Re: [PATCH v2 2/5] mm: zswap: calculate limits only when updated
From: David Hildenbrand
Date: Fri Apr 12 2024 - 15:49:02 EST
On 10.04.24 02:52, Yosry Ahmed wrote:
[..]
Do we need a separate notifier chain for totalram_pages() updates?
Good question. I actually might have the requirement to notify some arch
code (s390x) from virtio-mem when fake adding/removing memory, and
already wondered how to best wire that up.
Maybe we can squeeze that into the existing notifier chain, but needs a
bit of thought.
Sorry for the late reply, I had to think about this a bit.
Do you mean by adding new actions (e.g. MEM_FAKE_ONLINE,
MEM_FAKE_OFFLINE), or by reusing the existing actions (MEM_ONLINE,
MEM_OFFLINE, etc).
At least for virtio-mem, I think we could have a MEM_ONLINE/MEM_OFFLINE
that prepare the whole range belonging to the Linux memory block
(/sys/devices/system/memory/memory...) to go online, and then have
something like MEM_SOFT_ONLINE/MEM_SOFT_OFFLINE or
ENABLE_PAGES/DISABLE_PAGES ... notifications when parts become usable
(!PageOffline, handed to the buddy) or unusable (PageOffline, removed
from the buddy).
There are some details to be figured out, but it could work.
And as virtio-mem currently operates in pageblock granularity (e.g., 2
MiB), but frequently handles multiple contiguous pageblocks within a
Linux memory block, it's not that bad.
But the issue I see with ballooning is that we operate here often on
page granularity. While we could optimize some cases, we might get quite
some overhead from all the notifications. Alternatively, we could send a
list of pages, but it won't win a beauty contest.

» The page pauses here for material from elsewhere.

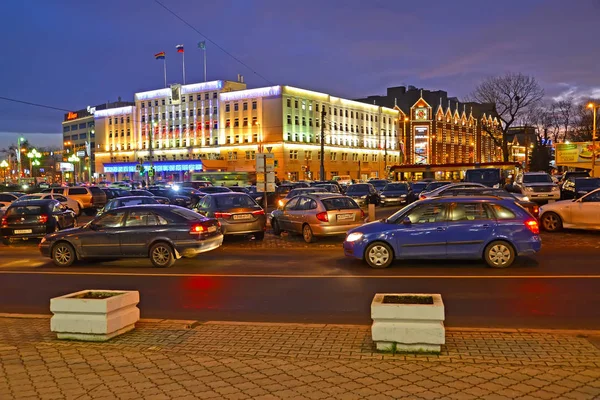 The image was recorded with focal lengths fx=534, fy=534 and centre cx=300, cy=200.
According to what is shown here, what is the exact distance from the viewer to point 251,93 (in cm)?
9125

I think the main issue is that, for my purpose (virtio-mem on s390x), I
need to notify about the exact memory ranges (so I can reinitialize
stuff in s390x code when memory gets effectively re-enabled). For other
cases (total pages changing), we don't need the memory ranges, but only
the "summary" -- or a notification afterwards that the total pages were
just changed quite a bit.
New actions mean minimal impact to existing notifiers, but it may make
more sense to reuse MEM_ONLINE and MEM_OFFLINE to have generic actions
that mean "memory increased" and "memory decreased".
Likely, we should keep their semantics unchanged. Things like KASAN want
to allocate metadata memory for the whole range, not on some smallish
pieces. It really means "This Linux memory block goes online/offline,
please prepare for that.". And again, memory ballooning with small pages
is a bit problematic.
I suppose we can add new actions and then separately (and probably
incrementally) audit existing notifiers to check if they want to
handle the new actions as well.
Another consideration is that apparently some ballooning drivers also
register notifiers, so we need to make sure there is no possibility of
deadlock/recursion.
Right.
--
Cheers,
David / dhildenb